“I’d like it!” declared Sam decidedly. “If I really could learn enough to—to be an architect——”

“Pshaw,” interrupted Mr. Hall, “it’s no trick, Craig. All the fellows in my class at college who couldn’t make a living at laying brick or driving express wagons went in for architecture. All, that is, except John York. He had so much money he didn’t have to make it, and we persuaded him to be an architect because we thought he could do as little harm in that profession as any.”

Sam smiled obligingly and Mr. York threatened his friend with a paper-weight.

“You give it a good thinking over, Sam,” he continued. “Talk to your folks about it. You don’t have to decide before you get to college. And as to college, why, you’ll just have to make it somehow, old man. We’ll keep our eyes open and see if we can’t find a scheme. John and I will get our heads together”—Mr. York was interrupted by a fit of coughing—“and work out something. Look here, John, this place is worse than Pittsburg! Why, the room is full of smoke. Close the windows if you don’t want me to choke to death!”

Mr. Hall started to comply with the request, then apparently changed his mind, and walked to the door that led to the corridor. “It certainly is smoky,” he muttered, “and it can’t all come from the railroad.” He opened the door and staggered back before the cloud of dense and acrid smoke that billowed in. The others leaped to their feet with exclamations of alarm. Mr. Hall slammed the door shut again and faced them.

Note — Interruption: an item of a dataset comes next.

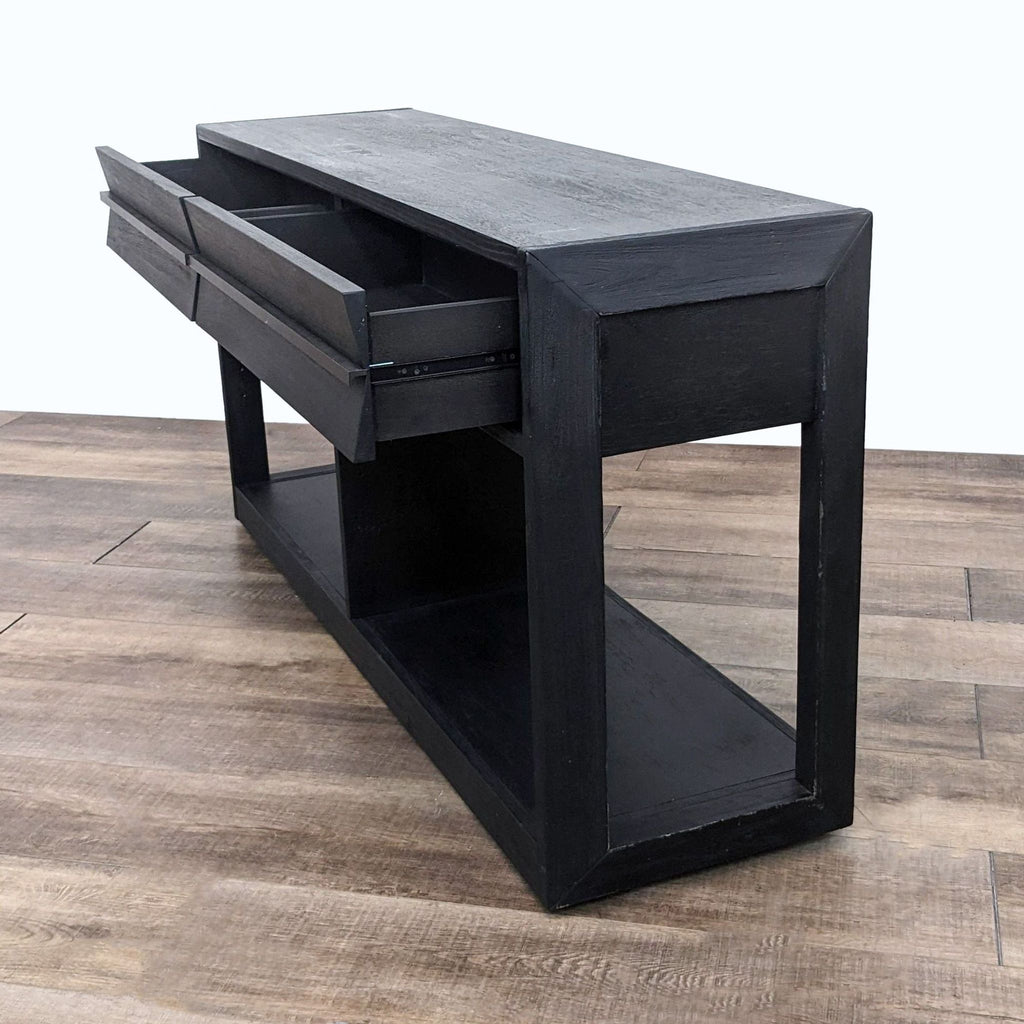 Living Spaces branded side table with drawers open to reveal storage, set on a wooden floor.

“Fire,” he announced in level tones. “The flames are coming up the elevator well, Johnnie.”

“So much for your fireproof building,” replied Mr. York, seizing his hat and stick and gloves from the desk. “Which way out, please?”

“I don’t know,” was the reply. “We’re cut off from the stairs and the elevators aren’t running. Couldn’t use them if they were, I guess.”

“But the fire escape, man! Where’s that?”

“We’ll try it, but it looks bad, Johnnie. I wonder—Put your head out, Craig, and see if there’s any sign of excitement below. No? Then it hasn’t been seen.” Mr. Hall strode to the telephone and yanked the receiver off. “Fire department,” he said. “Emergency!” There was a moment’s wait. Mr. York opened the door again and once more the clouds of smoke seethed into the room, whirling and eddying as they met the air from the windows. He looked up and down the corridor, returned, closing the door again, and shook his head as his gaze met that of the man at the telephone.